After a couple of years of one-off tracks posted online and a split 7″ with Xiu, Brooklyn-by-way-of-Nashville’s Spatial Relation have finally released their first proper solo release, which delivers on the promise of that initial work: classic minimal synth which manages to feel formally discomforting and alienating at every turn. The component parts of Thoughtcrime are simple enough: minimal drum machines, filters slowly torquing over simple, bleeping synths, and disaffected vocals. That simple enough recipe was tweaked to innumerable effects by countless classic bands, though, and Spatial Relation follow through by quickly establishing a mood and tone which doesn’t just feel like their own but evolves over the course of these five tracks. Opening cut “Dangerous Modulations” has no small amount of bounce and swing, with some simple drum fills doing more than their share of the heavy lifting. “Stoic Plays” opts for a more brusque and clipped feel, with the repeated “Everything’s wrong / Nothing’s right” mantra giving the tune a bit of an ADULT. vibe. Things get far more unnerving in the home stretch, though, with “Escape Your Backmen”‘s wormy self-contradiction and self-consumption resisting any easy groove, and closer “Necessary Components” building an understated frantic itch that receives no scratch or catharsis. With an LP in the works later this year, Spatial Relation seem to finally be building up some steam, and Thoughtcrime‘s a great demonstration of how they’re able to marshal classic motifs to their own banner.
Michael A. Morton
The distinction between an album being credited to “Michael A. Morton” as opposed to “Displacer” felt a little bit arbitrary when we first heard about this record, but after a few listens we can begin to understand why Morton might want to keep Nine Syllables at a distance from his established IDM moniker. For starters, there’s the “no presets or samples made outside of January” stipulation placed on it (and a couple of other releases done by folks in Morton’s circles). Just as people tackling National Novel Writing Month are probably better off aiming for Hemingway-esque brevity than, say, a Peter F. Hamilton space opera, Morton opts for a more stripped-down approach here than he has on lusher Displacer offerings. He’s certainly not phoning it in, though. The strategy on a number of tracks seems to be establishing a synth lead, like the simple rising scale on “Toh” or the syncopated garage stutter on “Sha”, and then slowly shift the shape and feel of the rhythms and atmospherics underneath those more surface elements. It’s a handy little sleight of hand which both stresses the immediate impressionism of these pieces, but also shows how much dynamism can be wrought from relatively simple shifts in a short space of time. While we’re sure the next Displacer album will be bringing a whole other bag of tricks, Nine Syllables‘ smooth minimalism offers plenty of space for interstitial reflection.

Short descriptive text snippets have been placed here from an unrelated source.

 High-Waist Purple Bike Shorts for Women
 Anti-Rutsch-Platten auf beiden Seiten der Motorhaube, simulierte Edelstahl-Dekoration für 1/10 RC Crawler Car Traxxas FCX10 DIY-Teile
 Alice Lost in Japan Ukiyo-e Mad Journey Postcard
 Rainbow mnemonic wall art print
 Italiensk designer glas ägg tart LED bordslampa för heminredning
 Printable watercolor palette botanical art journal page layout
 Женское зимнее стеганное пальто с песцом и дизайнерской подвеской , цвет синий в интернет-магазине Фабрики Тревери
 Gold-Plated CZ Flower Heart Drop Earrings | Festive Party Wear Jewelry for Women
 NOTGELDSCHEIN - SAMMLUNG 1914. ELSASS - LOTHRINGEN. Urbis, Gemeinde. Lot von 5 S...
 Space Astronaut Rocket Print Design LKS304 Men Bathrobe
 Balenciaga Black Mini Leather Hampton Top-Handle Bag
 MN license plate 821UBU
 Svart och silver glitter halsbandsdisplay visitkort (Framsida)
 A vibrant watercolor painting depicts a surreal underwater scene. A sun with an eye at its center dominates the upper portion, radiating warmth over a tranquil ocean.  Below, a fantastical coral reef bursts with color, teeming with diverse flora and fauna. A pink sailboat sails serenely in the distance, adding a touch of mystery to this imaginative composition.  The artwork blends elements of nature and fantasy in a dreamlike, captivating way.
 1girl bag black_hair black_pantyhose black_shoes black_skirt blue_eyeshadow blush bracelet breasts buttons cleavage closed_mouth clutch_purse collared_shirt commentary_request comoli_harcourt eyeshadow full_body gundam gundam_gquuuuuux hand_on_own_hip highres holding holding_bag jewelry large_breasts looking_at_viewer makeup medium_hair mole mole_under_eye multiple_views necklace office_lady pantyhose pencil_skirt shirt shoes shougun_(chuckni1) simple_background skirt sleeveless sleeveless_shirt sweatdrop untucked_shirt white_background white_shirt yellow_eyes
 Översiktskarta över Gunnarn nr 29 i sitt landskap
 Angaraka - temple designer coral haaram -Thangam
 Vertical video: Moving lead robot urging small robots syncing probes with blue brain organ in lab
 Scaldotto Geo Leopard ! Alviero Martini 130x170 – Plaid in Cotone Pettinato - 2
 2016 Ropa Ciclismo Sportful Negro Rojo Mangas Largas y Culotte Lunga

Chris Gilbert’s Mild Peril project took an interesting detour into the whimsical and fantastical sound influenced by new beat and and italo with last year’s excellent Matter, a pleasant contrast to the trad-synth explorations of his Cosmic Angst alter-ego. While the former release demonstrates Gilbert has no issue writing with immediacy and accessibility in mind, his latest as CA is a proggy, far-out cosmic affair, consisting of one massive track divided into four movements. “Mytheme I-IV” starts slow with some washy synth pads and delayed synth arps, gradually adding more and more rhythmic elements at half time before breaking out into a full on bouncing rhythm complimented by plucky chords and the a killer synth lead. It’s no less catchy than any of the work Gilbert has done in the past, but the presentation suggests a different perspective, creating new contexts for the thoughtful and elegant programming that makes up his oeuvre. In the absence of indexing the listener is obliged to take the journey with Cosmic Angst, our tendency towards inattention neutralized by an ever changing and evolving set of sounds from beyond the stars.